French Olympism has lost its dean. Crowned in a two-seater canoe during the Helsinki Olympic Games in 1952, Jean Laudet died on Saturday December 20 in Nevers, where he was born ninety-five years ago, revealed The Center Journal. Ill for several months, he was hospitalized at the beginning of December.
On July 27, 1952, he and his great friend from the Nivernaise Sports Union Georges Turlier won, to everyone’s surprise, the 10,000 m two-seater canoe race. Due to a lack of sufficient support, the tandem was unable to pursue their promising career, but the two friends remained so.
The first Olympic champions of French canoeing, they were true pioneers of the discipline. The French Canoe-Kayak Federation paid tribute on Monday to “a man of great elegance, always full of communicative energy and looking to the future conscious of having lived “a good life””.
Former rugby player converted antique dealer
Within the Nivernaise Sports Union, Jean Laudet was first a rugby player, before discovering canoeing after returning from training. Throughout his life, he remained a passionate witness to the new generations of French players and a fervent supporter of USON Nevers rugby, his lifelong team.
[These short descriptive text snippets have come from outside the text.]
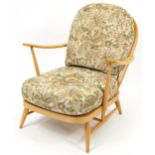 Ercol Windsor 203 light elm armchair with lift off cushions, 77cm H x 71cm W x 95cm D For further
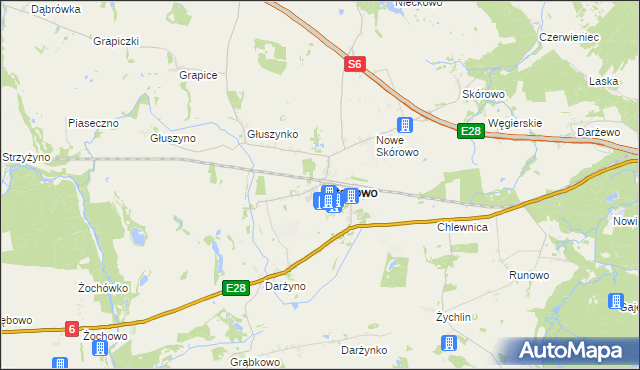 mapa Potęgowo powiat słupski, Potęgowo powiat słupski na mapie Targeo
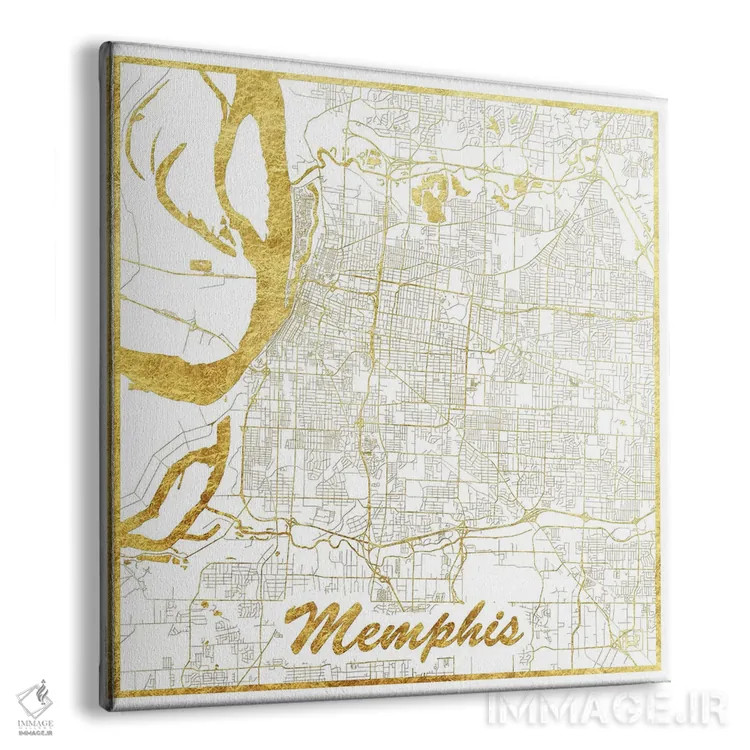 تابلو نقشه شهری ممفیس با ورق طلا اثر هوبرت روگوسکی - نمای پرسپکتیو محصول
After his Olympic title, he retrained as an antique dealer. In the 1950s, he opened a shop in his town of Pougues-les-Eaux (Nièvre), which he closed when he retired in 1990.
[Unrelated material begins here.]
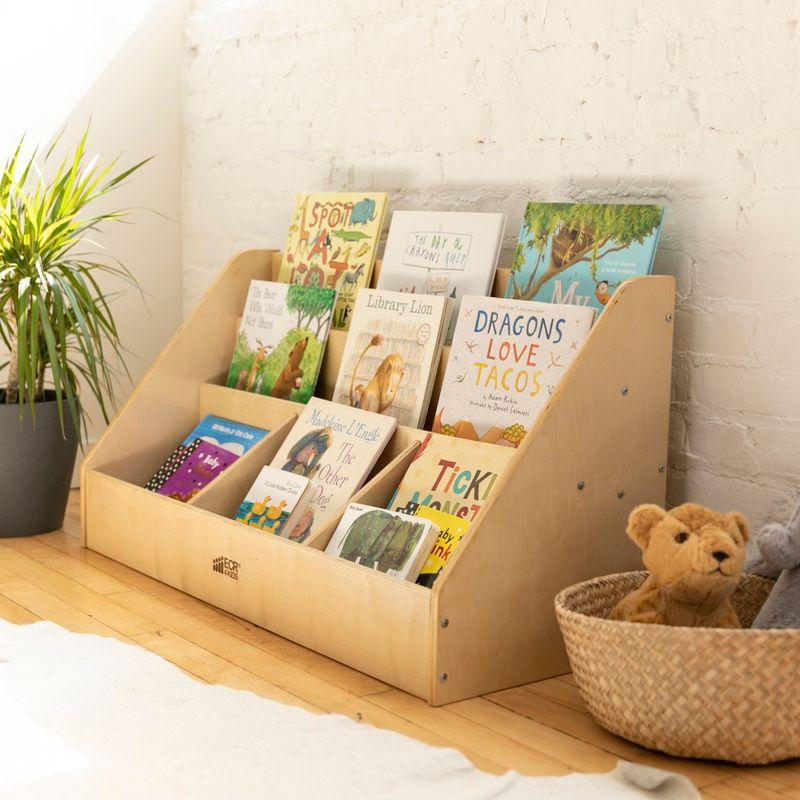 Natural Birch 5-Compartment Kids Book Display Shelf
Recognized late in life, Jean Laudet and Georges Turlier were promoted to “sports glories” by the French International Sports Federation in 2020, a French equivalent of the North American Hall of Fame. The two men were also decorated with the Legion of Honor in 2022, seventy years after their gold medal. The champion smiled, confident that he did not attach much importance to it. In 2024, on the occasion of the Paris Games, he carried the Olympic flame in Vaires-sur-Marne (Seine-Marne), on the site of the kayaking events.
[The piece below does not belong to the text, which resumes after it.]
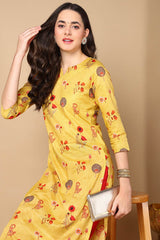 Yellow Cotton Floral Straight Fit KurtI Set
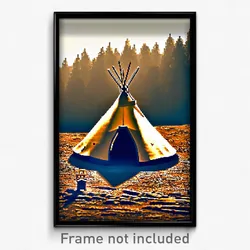 Pixel Art Poster - Rural Tepee (8 Bit Psychedelic Trippy Weird Video Game Print)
Since the death, at 101, of track cyclist Charles Coste on October 30, Jean Laudet was the oldest French Olympic champion. He then admitted to having taken ” a blow “ remembering his journey, trusting in Center Journal that he “never really realized [son] age “ until then. It is now his companion from Helsinki and lifelong friend Georges Turlier, 94 years old, the new dean of French Olympic champions.